• Teamwork is the name of the game

    by  • November 16, 2009 • Features, The Guardian • 0 Comments

    John Carleton is the head of Local Partnerships, the newest body trying to help councils drive a better bargain with private companies. He brings a wealth of experience from public service, banking, consultancy … and international rugby

    Perhaps one of the lowest points in John Carleton’s international rugby career, in which he garnered 32 caps for England and seven tries, came on the unsuccessful 1983 Lions’ tour to New Zealand. Three months of rain had culminated in yet another defeat in the “horizontal snow” of Dunedin.

    “I remember it distinctly,” Carleton says, “because the World Cup cricket was on in the UK. I was lying in bed in New Zealand in a tracksuit, cold, and watching England and Pakistan from Old Trafford on the TV and it was 80-odd degrees and people had their shirts off.”

    He looks, fortunately, much happier now, newly installed as the first chief executive of Local Partnerships. The agency, formed out of the ashes of its predecessor, the 4ps, is now run as a joint venture between the Local Government Association and Partnerships UK, itself a public-private hybrid.

    The agency’s job, Carleton says, is to be at the “interface” between councils and their private and voluntary sector partners, trying to make those relationships run more smoothly. But, as he acknowledges, it is no easy task.

    Carleton, 53, has the kind of solid, compact build you’d expect from a former international winger, and an accent that bears the traces of his native Lancashire. His career has spanned both public and private sectors, first as a banker specialising in real estate, then at the Housing Corporation, where he says he was “humbled” by the dedication of his fellow workers showed in their attempts to improve some of the worst housing in the UK.

    At that time, the relationship between the sectors was tainted by “huge amounts of suspicion on both sides”, he says.”I used to work for a guy who described partnership as the suppression of mutual loathing to access somebody else’s cash … I think a lot of people could see that sort of approach.”

    Now, he says, both sides have come “an awful, awful long way”, though he accepts the relationship is far from perfect.

    He acknowledges, too, that some public-private partnerships and outsourcing deals have been failures. That, he says, comes down to councils not knowing what they want at the outset.

    “I bet nearly every time you find a partnership agreement that isn’t working, has flaws, has problems, those flaws can be rooted back to when the partnership was originally set up, and will be rooted back to potentially really poor choices, uninformed choices at [that] point.”

    The mission for Local Partnerships, as he sees it, is to help councils make those choices better. Taking politicians’ promises of localism at face value, he insists that whichever party wins power in the general election next year, councils will be in control of more spending and policy.

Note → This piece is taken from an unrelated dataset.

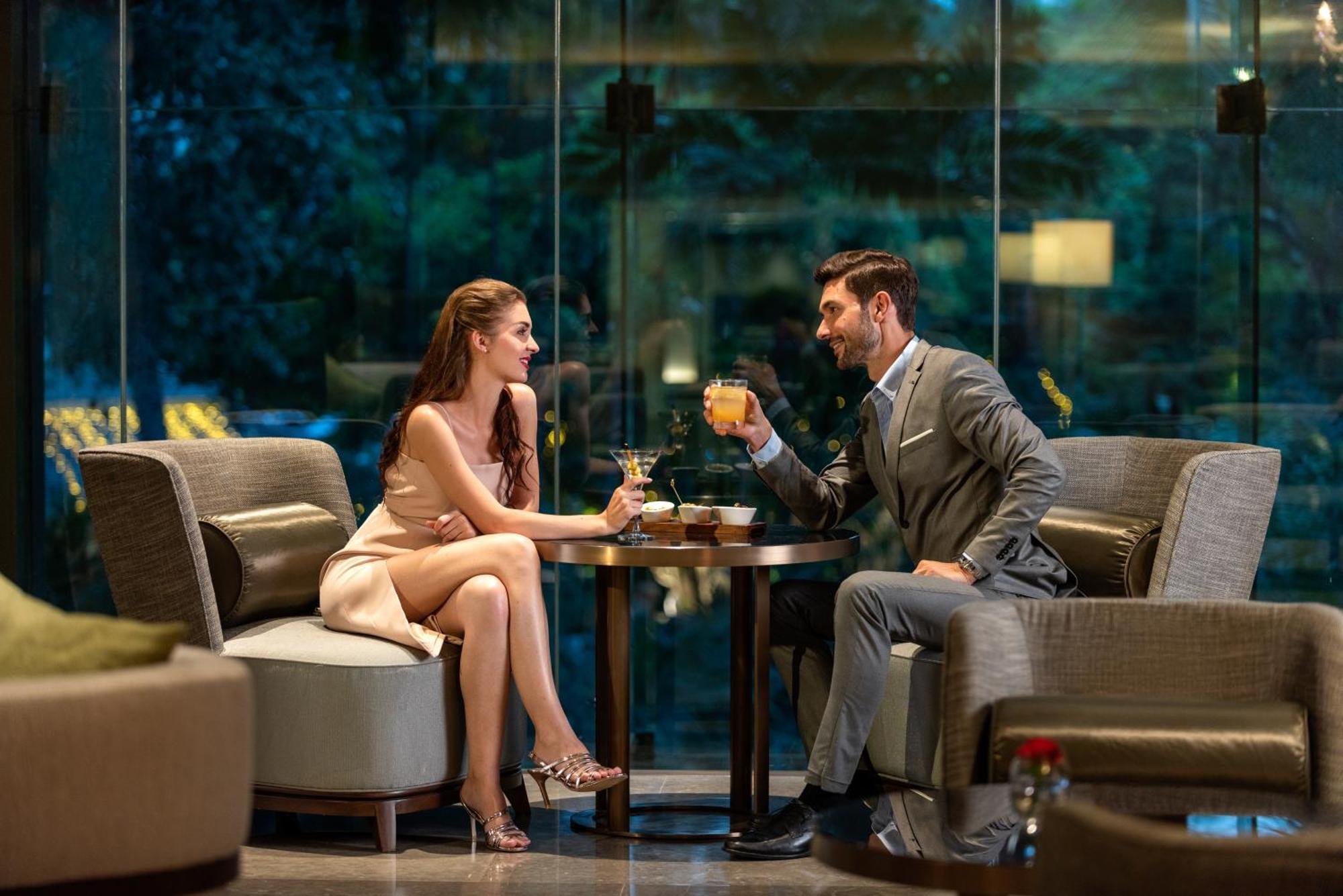 Moevenpick Hotel Bangkok Ploenchit Bdms Екстер'єр фото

    “It’s not our role to second-guess how local authorities will deliver services to their people”

    But as part of that, they will have to make “informed decisions” about what services they provide directly and which ones they outsource.

    This doesn’t mean that the agency will be promoting privatisation, Carleton insists. Rather, it will be using its wealth of experience in hundreds of public-private schemes to help councils, especially small ones that struggle with complex, private sector-based projects, to strike better deals.

    “It’s not our role to second-guess how local authorities will deliver services to their people,” he says. “It’s our job to help them find the best way of delivery, whether that be direct [public services], or whether that be working with partners.

    “Our job … will be to help them find those partners, to help them structure the partnership arrangement right, to help them with the governance around that – and maybe even identify how they can fund that.”

    One criticism levelled at the predecessor to Local Partnerships, the 4ps, was its lack of profile amongst senior council directors.

    Carleton won’t comment on that, but says: “If that’s been the perception in the past, it certainly won’t be the reality in the future.”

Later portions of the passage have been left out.